Re: [PATCH -next V17 4/7] riscv: entry: Convert to generic entry

Daniel Thompson <daniel.thompson@xxxxxxxxxx> · Fri, 30 Jun 2023 15:50:56 +0100

On Fri, Jun 30, 2023 at 07:22:40AM -0400, Guo Ren wrote:
> On Fri, Jun 30, 2023 at 7:16 AM Guo Ren <guoren@xxxxxxxxxx> wrote:
> >
> > On Thu, Jun 29, 2023 at 10:02 AM Daniel Thompson
> > <daniel.thompson@xxxxxxxxxx> wrote:
> > >
> > > On Tue, Feb 21, 2023 at 10:30:18PM -0500, guoren@xxxxxxxxxx wrote:
> > > > From: Guo Ren <guoren@xxxxxxxxxxxxxxxxx>
> > > >
> > > > This patch converts riscv to use the generic entry infrastructure from
> > > > kernel/entry/*. The generic entry makes maintainers' work easier and
> > > > codes more elegant.

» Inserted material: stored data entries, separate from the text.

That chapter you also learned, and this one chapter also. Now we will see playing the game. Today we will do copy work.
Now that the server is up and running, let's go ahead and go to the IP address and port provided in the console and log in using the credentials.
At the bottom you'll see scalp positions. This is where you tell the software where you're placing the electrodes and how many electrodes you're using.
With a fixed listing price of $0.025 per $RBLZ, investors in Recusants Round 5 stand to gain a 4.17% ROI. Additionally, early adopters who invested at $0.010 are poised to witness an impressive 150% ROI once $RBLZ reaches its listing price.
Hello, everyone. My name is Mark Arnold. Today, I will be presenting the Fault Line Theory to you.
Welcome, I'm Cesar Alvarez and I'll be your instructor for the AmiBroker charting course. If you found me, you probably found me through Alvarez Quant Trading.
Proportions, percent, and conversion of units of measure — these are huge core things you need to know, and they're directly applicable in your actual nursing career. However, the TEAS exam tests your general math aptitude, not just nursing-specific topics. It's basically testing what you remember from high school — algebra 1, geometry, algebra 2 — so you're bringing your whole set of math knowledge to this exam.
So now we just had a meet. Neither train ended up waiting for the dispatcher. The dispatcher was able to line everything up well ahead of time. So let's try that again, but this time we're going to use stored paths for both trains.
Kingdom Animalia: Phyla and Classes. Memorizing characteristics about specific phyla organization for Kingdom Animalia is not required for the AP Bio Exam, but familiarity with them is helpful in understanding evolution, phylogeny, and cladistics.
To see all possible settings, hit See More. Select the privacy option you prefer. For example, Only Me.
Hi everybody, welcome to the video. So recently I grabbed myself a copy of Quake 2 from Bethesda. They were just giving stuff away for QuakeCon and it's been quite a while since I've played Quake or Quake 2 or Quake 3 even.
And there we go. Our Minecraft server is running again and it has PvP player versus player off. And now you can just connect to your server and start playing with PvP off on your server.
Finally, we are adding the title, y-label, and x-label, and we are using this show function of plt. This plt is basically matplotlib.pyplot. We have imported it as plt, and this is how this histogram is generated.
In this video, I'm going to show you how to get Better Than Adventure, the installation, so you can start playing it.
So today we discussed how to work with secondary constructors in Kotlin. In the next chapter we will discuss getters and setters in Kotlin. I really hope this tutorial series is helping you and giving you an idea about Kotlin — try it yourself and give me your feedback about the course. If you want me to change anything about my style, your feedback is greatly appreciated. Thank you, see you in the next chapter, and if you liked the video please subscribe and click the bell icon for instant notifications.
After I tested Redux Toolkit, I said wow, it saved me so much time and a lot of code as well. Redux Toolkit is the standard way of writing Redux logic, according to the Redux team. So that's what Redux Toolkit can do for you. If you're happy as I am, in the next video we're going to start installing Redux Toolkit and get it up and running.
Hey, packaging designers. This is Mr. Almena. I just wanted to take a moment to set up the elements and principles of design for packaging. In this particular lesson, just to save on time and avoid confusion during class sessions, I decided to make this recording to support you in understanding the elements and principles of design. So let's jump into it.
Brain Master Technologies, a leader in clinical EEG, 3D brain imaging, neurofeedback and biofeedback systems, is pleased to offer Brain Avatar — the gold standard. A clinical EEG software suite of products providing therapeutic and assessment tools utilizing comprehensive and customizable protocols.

Here are the changes:
> > > >
> > > >  - More clear entry.S with handle_exception and ret_from_exception
> > > >  - Get rid of complex custom signal implementation
> > > >  - Move syscall procedure from assembly to C, which is much more
> > > >    readable.
> > > >  - Connect ret_from_fork & ret_from_kernel_thread to generic entry.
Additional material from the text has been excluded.